ADJOINT MODELING AND MIGRATION

Migration is often considered to be the adjoint of modeling, this would suggest the following adjoint operation as a reasonable constant offset imaging operation.

$$\hat{S}(x,z; h) = \int \int G^*( x-y,z, \omega;h ) P( y,z, \omega;h )\ dy\ d\omega$$

When I apply this process to the result of constant offset modeling the result is very disappointing. Figure  shows the result of adjoint modeling on the three constant offset panels shown in figure . The deeper event has been imaged with such a small amplitude that it isn't even visible. This is because the Green's function I am using are not merely kinematically correct they also have the correct amplitudes. The adjoint operation correctly inverts the phase but is squares the amplitude. This would not be a problem if the integration had been applied over infinite space and time. The truncation of the modeling and adjoint modeling operators results in a loss of energy from the image. The loss of energy is greatest at the bottom of the section where only a small piece of the hyperbola will be imaged.

 

adj-mig
Figure 6 Adjoint modeling applied to the constant offset panels of the previous figure. The deeper events have not been imaged at the correct amplitude.

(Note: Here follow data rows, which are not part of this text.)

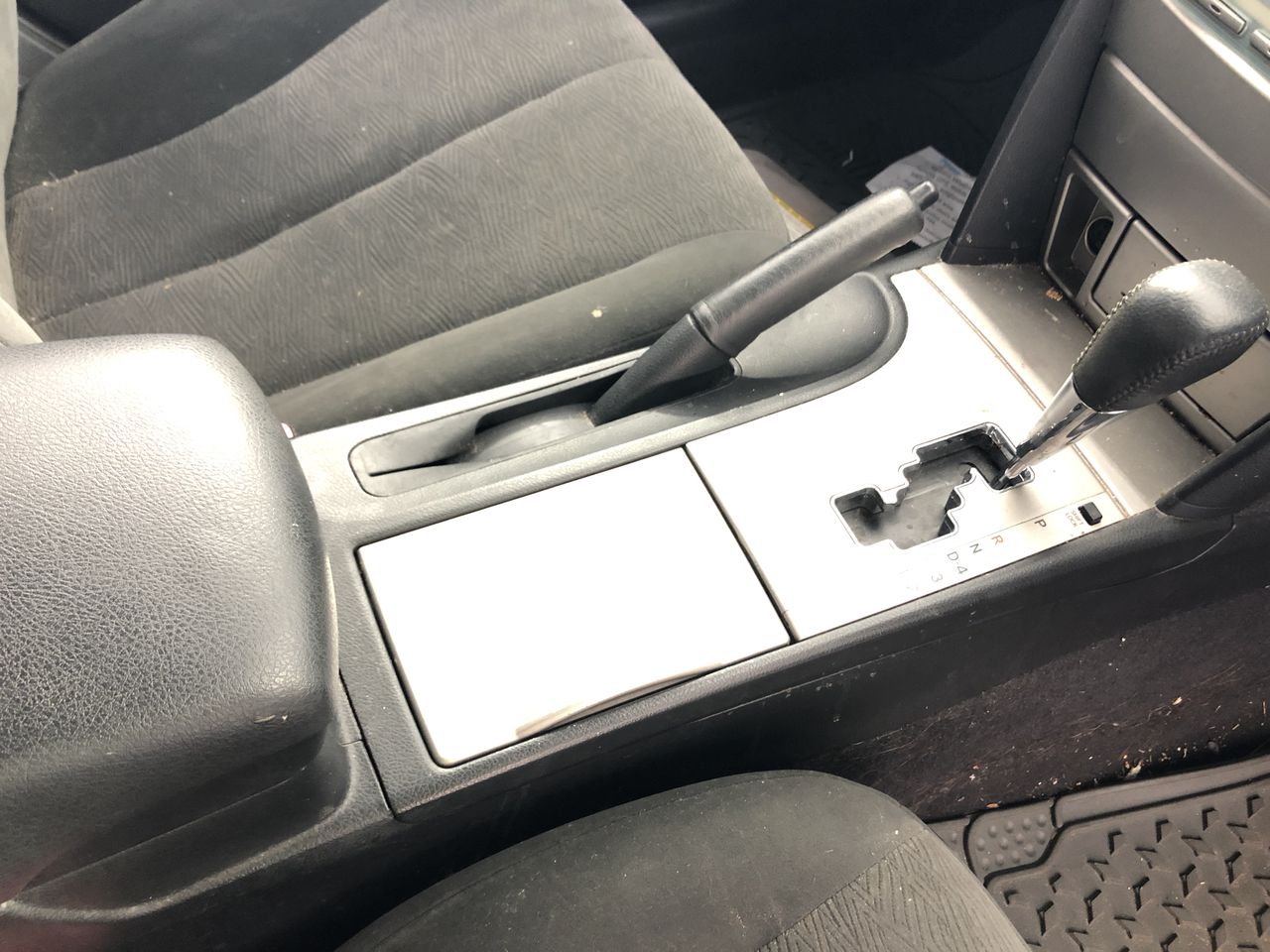 Rare 2016 "Ned Kelly" Helmet Ingot, 999 Fine Silver Plated, Outlaw, Guns 27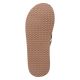 3. Iguana Eyo Flip-Flops M 92800598252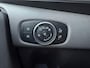 Ford Transit Custom 280 2.0 TDCI L1H1 Trend ✓3-persoons ✓Navigatie ✓Camera ✓Airco ✓Cruise ✓Apple CarPlay Android Auto ✓Parkeersensoren ✓Trekhaak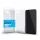 Xprotector Szilikon matte tok ultravékony Samsung Galaxy S24+ 5G, átlátszó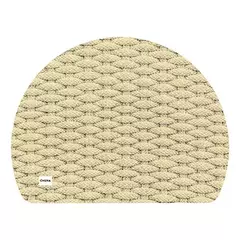SET INDIVIDUALES CHUNA - comprar online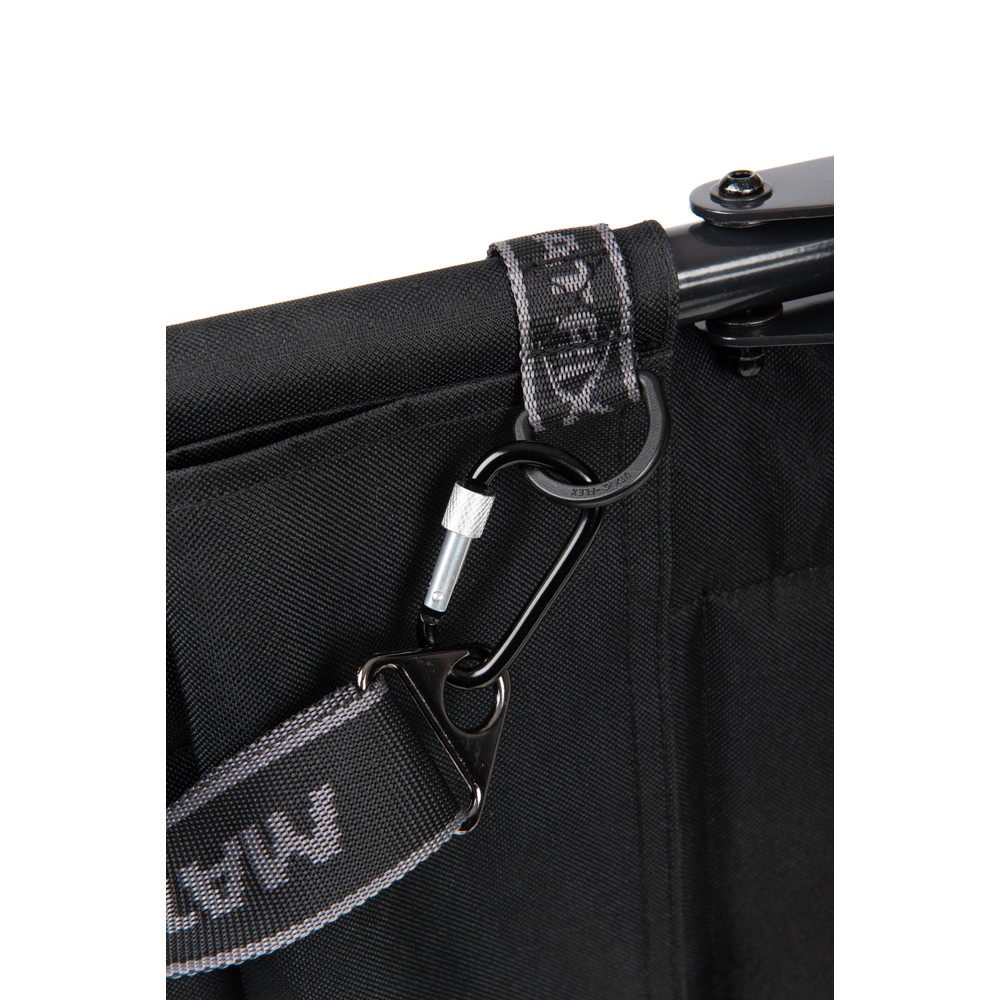 Matrix S25 Lite Accessory Chair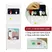 Cây Nước Nóng Lạnh Fujihome WD5320E 3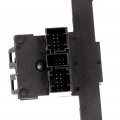 Ocpty Front Power Window Switch Fits 1996 For Mercedes Benz C220 Console Mounted Mirror 1997-98 C230 Mou Control Lift Oe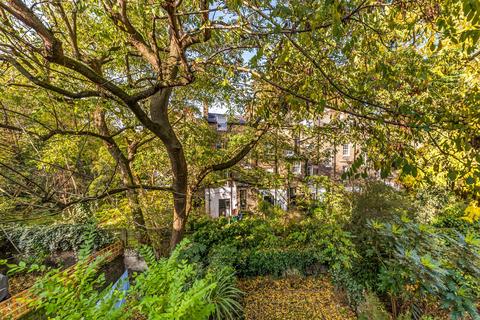 1 bedroom flat to rent, Falmouth Road, Southwark, London, SE1
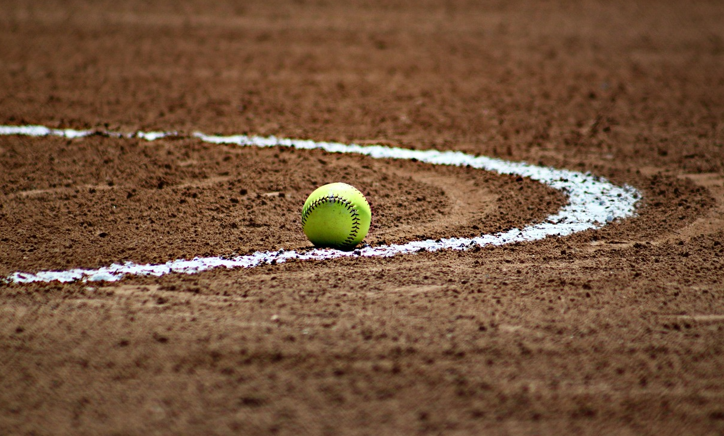 야구 공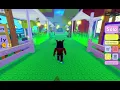 raise a ducky roblox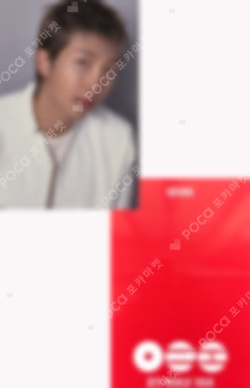 BTS WORLD TOUR 'ARIRANG' IN GOYANG FANCLUB BOOTH ARMY ZONE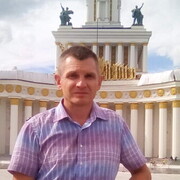  ,  Dmitry, 50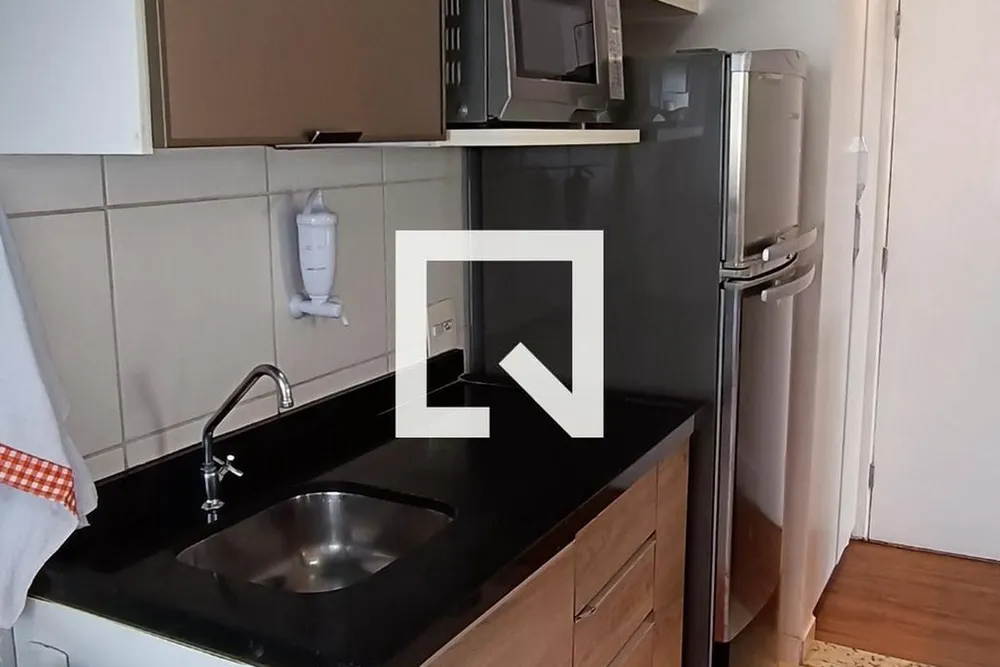Apartamento, 2 quartos, 68 m² - Foto 8
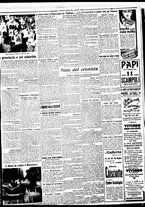 giornale/BVE0664750/1934/n.006/007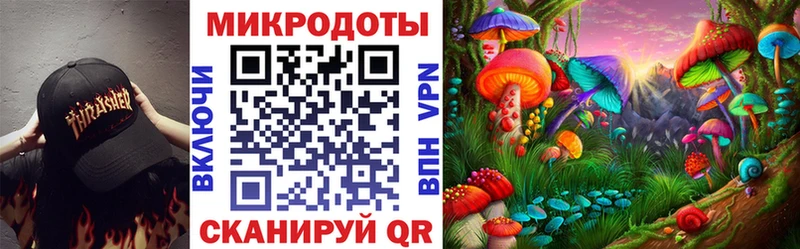 Галлюциногенные грибы Psilocybe  Островной 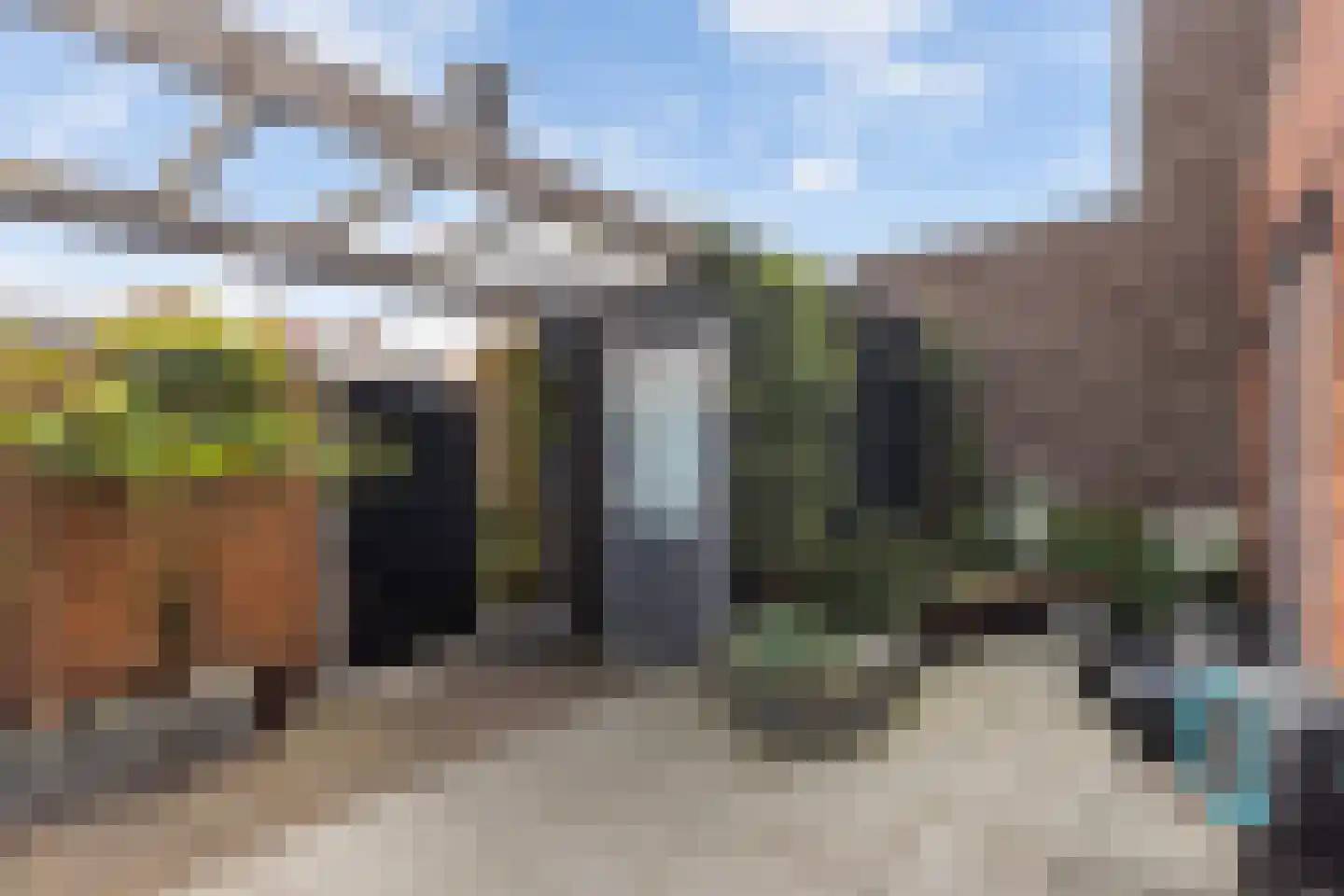 Zalmstael 1 Maassluis thumbnail 20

One way to overcome this problems is to apply a time dependent gain before the migration. This will amplify events that are later in time so that the amplitudes of the images of deeper events will be increased. However it will also increase the amplitude of the later parts of hyperbolas belonging to shallow events, this is not desirable. What should really be applied is a depth dependent gain after migration. Many authors, e.g. Lumley and Beydoun (1991), attempt to account for the effects of truncation by dividing by a ``diagonal Hessian'' operator, this is an approximation to the full inversion of the modeling operator. This process is often called ``migration inversion.'' In a V(z) medium this becomes a depth and offset dependent scaling after migration.